Man dead after mob of 'angry males' swarms paramedics

70 relatives show up to take drugs and a defibrillator away from the paramedics but.........none were there to take the drugs out of the 25 year old's hands?


----------



## Marion Morrison

Were they Muslims? Hmm?


----------



## Disir

Marion Morrison said:


> Were they Muslims? Hmm?



Just Australians AFAIK


----------



## Unkotare

Cause of Death: Stupid


----------



## saveliberty

Googling CPR is not a life saving method.


----------



## pismoe

might have been 'africans' .   I'll get the link if i can but according to an article i read 'african' yout were going crazy a week or so ago .  Didn't say'black' , didn't say 'native or aborigine' , article said 'african' .  ---   'African gangs' debate polarises Australia  ---   and now the info says  'australian - african'   or maybe 'african-australian'.   Pretty funny .  -----------------   and this is not the same article i first talked about .


----------



## Marion Morrison

pismoe said:


> might have been 'africans' .   I'll get the link if i can but according to an article i read 'african' yout were going crazy a week or so ago .  Didn't say'black' , didn't say 'native or aborigine' , article said 'african' .  ---   'African gangs' debate polarises Australia  ---   and now the info says  'australian - african'   or maybe 'african-australian'.   Pretty funny .  -----------------   and this is not the same article i first talked about .

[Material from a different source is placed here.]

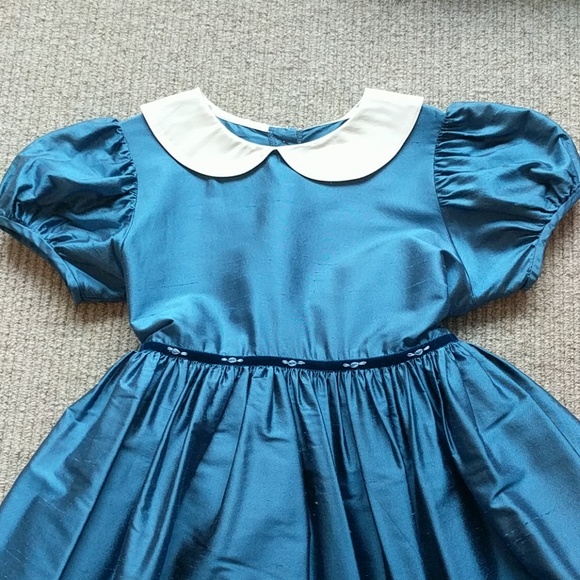 Frances Johnston Special Occasions Dress - Picture 2 of 6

What, they imported Somalians? Who's left in Somalia?

100K in Minnesota.


----------



## pismoe

and more info , i post it because at end of article it says that attacks on AMBOS [ambulances i suppose]   happen all the time .  ---   Sydney man dead after 'angry mob' attacks ambos  ---


----------



## pismoe

more info , this link might be the link i was talking about at first ---  Nocookies  ---   59 year old ladies home ransacked bu 'african' youts , read all about it  eh .     And yeah , if 'somali' then the guess by me is 'african muslims' .   Sorry , linkee no workee but Will try again .


----------



## pismoe

here is similar info / article as 'african' thugs break into 59 year old womans home in home invasion .  ---  African gang goes on wild Melbourne crime rampage | Daily Mail Online  ---   its funny , how many years ago was it that 'aussies' had their Guns destroyed by 'aussie' government ??


----------



## MaryL

Some ill defined group ,may or may not have done bad things,hard to say. But if they weren't white, it wouldn't be so ambiguous. Racism as a touchstone, always  seems some kind moralist one way street.


----------



## pismoe

ill defined , how so , info calls them 'african' thugs .   Whats ill defined about that Mary  ??    ---   African gang goes on wild Melbourne crime rampage | Daily Mail Online   ---   yeah , what ill defined about the description in the link or in the article Mary ??


----------



## pismoe

oh , maybe you are talking about the OP where wussy authorities won't describe the group of 70 or 80 that attacked the ambulance eh Mary ??


----------



## Gravy And Mash

pismoe said:


> oh , maybe you are talking about the OP where wussy authorities won't describe the group of 70 or 80 that attacked the ambulance eh Mary ??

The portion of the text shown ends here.